DATA SHOWN Block Start
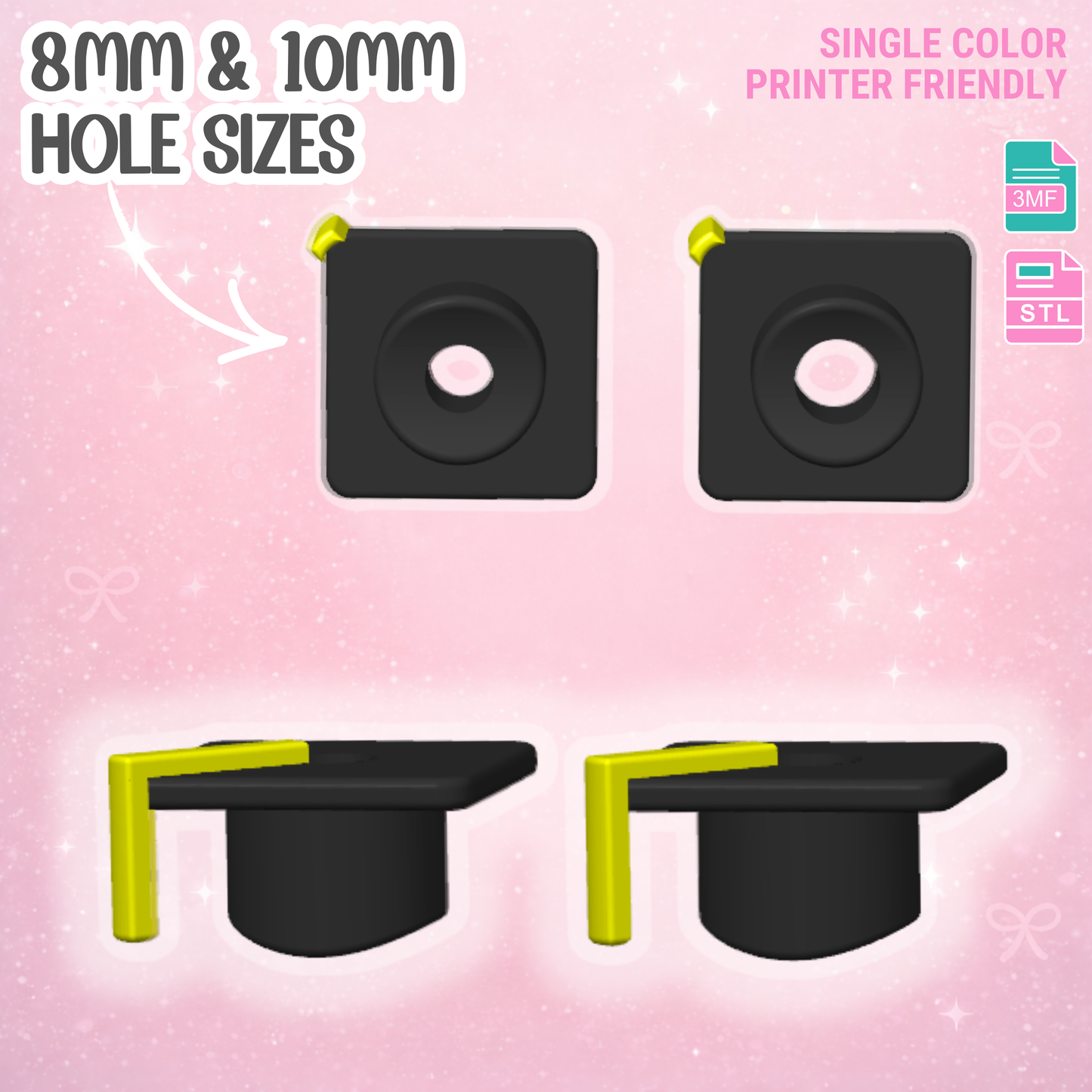 Grad Cap Straw Topper 3D Print File (STL & 3MF Digital Download) 8mm + 10mm Sizes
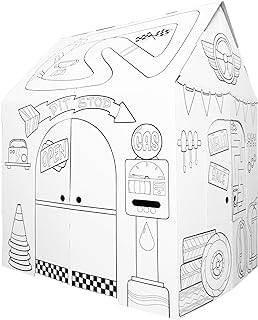 Easy Playhouse Garage - Kids Art & Craft for Indoor & Outdoor Fun, Color Favorite Garage Itemsâ€“ Decorate & Personalize a Cardboard Fort, 32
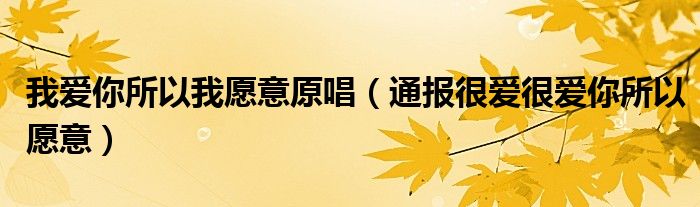 我爱你所以我愿意原唱(通报很爱很爱你所以愿意)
DATA SHOWN Block End
• PROBLEM REQUIREMENTS
All of the material above goes into the copy exactly as is; the pictures do not.

• ANSWER
 Grad Cap Straw Topper 3D Print File (STL & 3MF Digital Download) 8mm + 10mm Sizes
 Easy Playhouse Garage - Kids Art & Craft for Indoor & Outdoor Fun, Color Favorite Garage Itemsâ€“ Decorate & Personalize a Cardboard Fort, 32
 我爱你所以我愿意原唱(通报很爱很爱你所以愿意)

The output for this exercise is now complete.